DATA EXTRACTS:
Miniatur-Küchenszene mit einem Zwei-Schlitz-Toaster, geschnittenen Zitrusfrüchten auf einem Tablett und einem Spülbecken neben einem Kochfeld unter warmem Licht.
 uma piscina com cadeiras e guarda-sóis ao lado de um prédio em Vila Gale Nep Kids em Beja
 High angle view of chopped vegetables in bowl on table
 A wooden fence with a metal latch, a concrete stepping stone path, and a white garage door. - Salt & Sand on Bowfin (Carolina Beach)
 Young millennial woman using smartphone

--

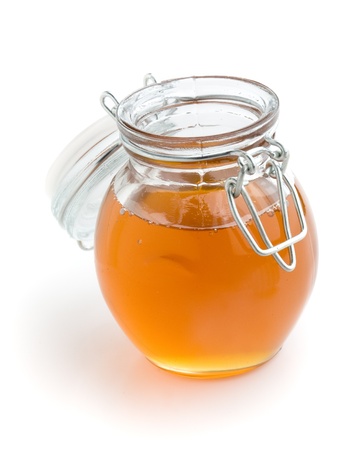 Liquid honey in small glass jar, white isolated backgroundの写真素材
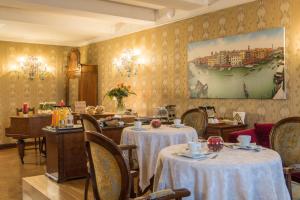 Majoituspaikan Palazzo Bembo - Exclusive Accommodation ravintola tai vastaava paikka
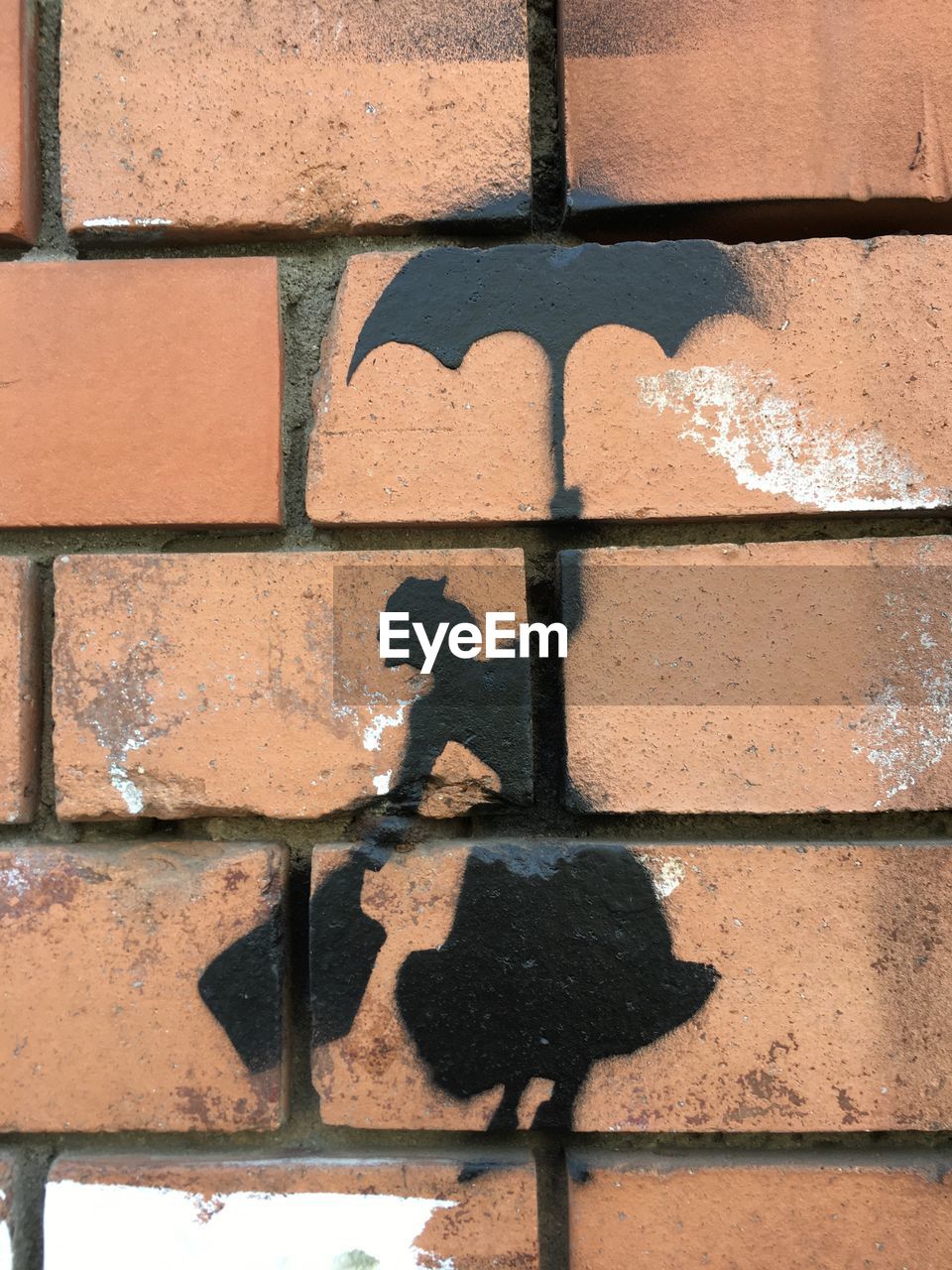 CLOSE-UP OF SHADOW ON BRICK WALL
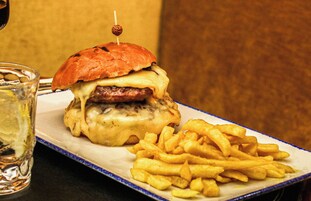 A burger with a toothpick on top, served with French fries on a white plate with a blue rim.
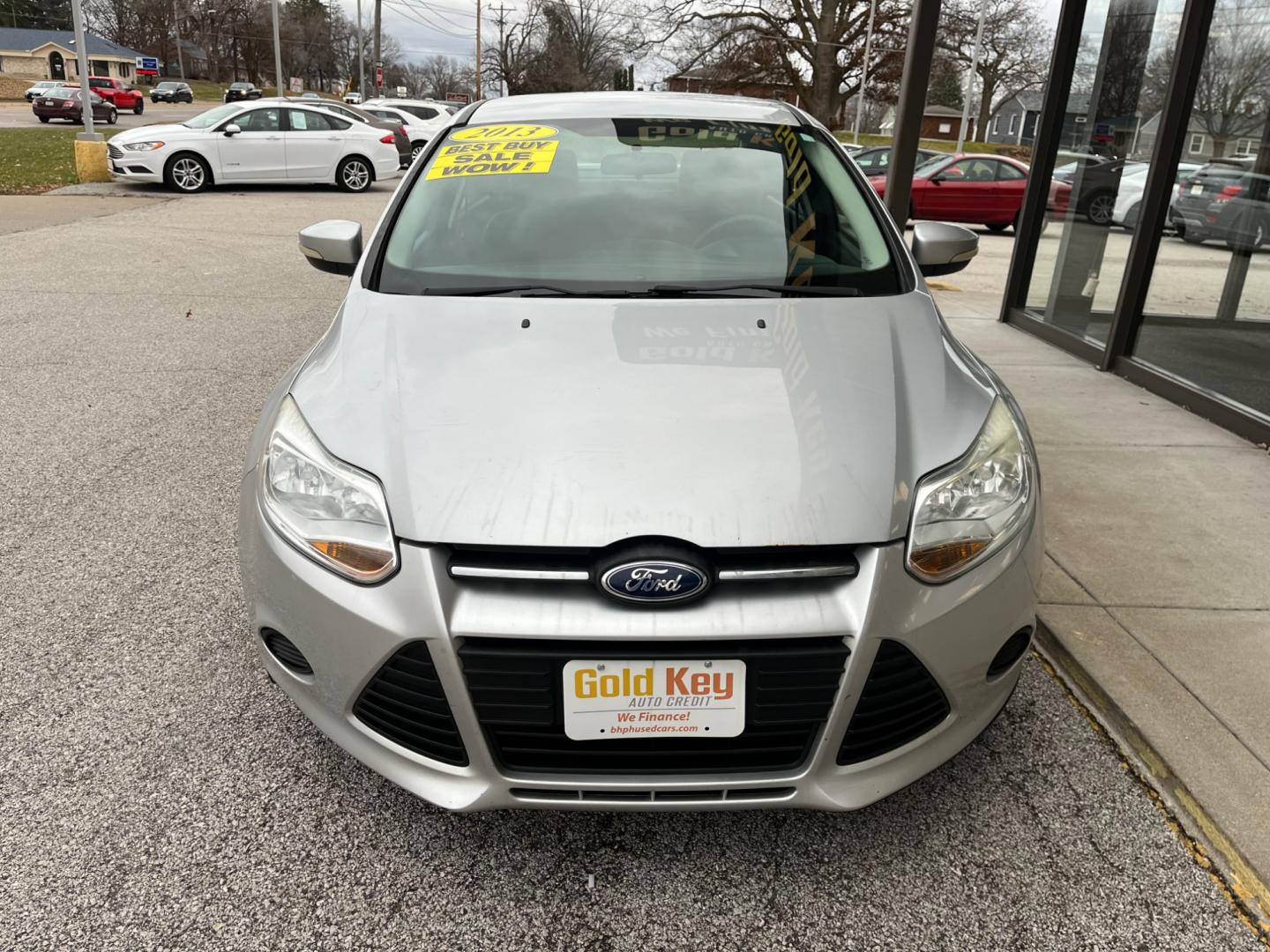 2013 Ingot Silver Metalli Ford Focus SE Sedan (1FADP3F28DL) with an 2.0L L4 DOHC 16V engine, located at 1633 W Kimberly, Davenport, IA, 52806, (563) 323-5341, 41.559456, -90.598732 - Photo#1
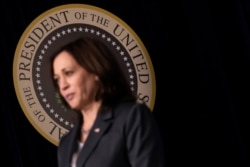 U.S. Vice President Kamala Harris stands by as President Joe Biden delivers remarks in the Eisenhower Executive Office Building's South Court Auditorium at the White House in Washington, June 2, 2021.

WORK REQUEST: From the data above, return only the lines starting at the line that holds "2013 Ingot Silver" and ending at the line that holds "U.S. Vice President", word for word and without pictures.

ANSWER FOR THIS EXERCISE:
 2013 Ingot Silver Metalli Ford Focus SE Sedan (1FADP3F28DL) with an 2.0L L4 DOHC 16V engine, located at 1633 W Kimberly, Davenport, IA, 52806, (563) 323-5341, 41.559456, -90.598732 - Photo#1
 U.S. Vice President Kamala Harris stands by as President Joe Biden delivers remarks in the Eisenhower Executive Office Building's South Court Auditorium at the White House in Washington, June 2, 2021.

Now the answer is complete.